弓指寛治さんが描いてくれた山の中を彷徨う末井富子(写真提供:末井さん)

お前が死んだら、お墓はどうするんだ〜〜

実を言うと、ぼくはスーパーに行くのが大好きで、それがストレス発散にもなっていました。開店直後のスーパーに行くと、お爺ちゃんたちが真剣な顔でカートを押してあちこち動き回っています。おそらく開店前から並んでいたと思います。ぼくと同じようにスーパーが大好きなのでしょうが、品物を選ぶ真剣度が違います。少しでも安くて新鮮なものを選ぼうと、商品棚を睨んでいます。ぼくの買い物かごがそのお爺ちゃんのカートに当たると、恐ろしい顔で睨み付けられます。まるで戦場のようで、その光景を見るのも面白いので、スーパーにはよく行っていました。

スーパーに行くことも禁止され、仕事もなくなり、散歩ぐらいしか外に出なくなり、家にいてテレビをボーッと眺めていると、気分はどんどん滅入ってきます。

そうすると、死が忍び寄ってくるのです。「お前が死んだら、お墓はどうするんだ〜〜」という声が、どこからともなく聞こえてくるのです。

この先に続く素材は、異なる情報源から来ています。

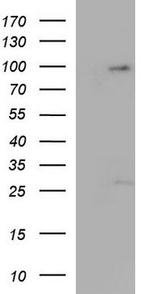 Protocadherin alpha-9 Antibody in Western Blot (WB)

もう10年ほど前のことですが(これも大雑把ですね)、知人が自分の墓を買いました。ぼくより5、6歳若いので、年齢は50代の中頃だったと思います。「いったい何を考えているんだろう、墓なんか建てている暇があったら、もっと他にやることがあるのではないか」と思ってバカにしていました。

自分が生きているうちに建てる墓を生前墓と言うらしいのですが、ネットで検索したら生前墓の広告がたくさん出てきました。案外多いんですね、生前墓を建てる人が。相続税が軽くなるメリットもあるそうです。

生前墓のルーツは、古くは秦の始皇帝だと言われ、聖徳太子や歴代の天皇たちも生前にお墓を建てて、それを「寿陵(じゅりょう)」と呼んだそうです。そういうこともあって、生前墓は縁起がいいとも言われています。

それにしても、生前墓を建てると時々見に行くのでしょうか。そして、自分が死ぬ時のことを考えたりするのでしょうか。自分の墓を見て、気持ちが落ち込むことはないのでしょうか。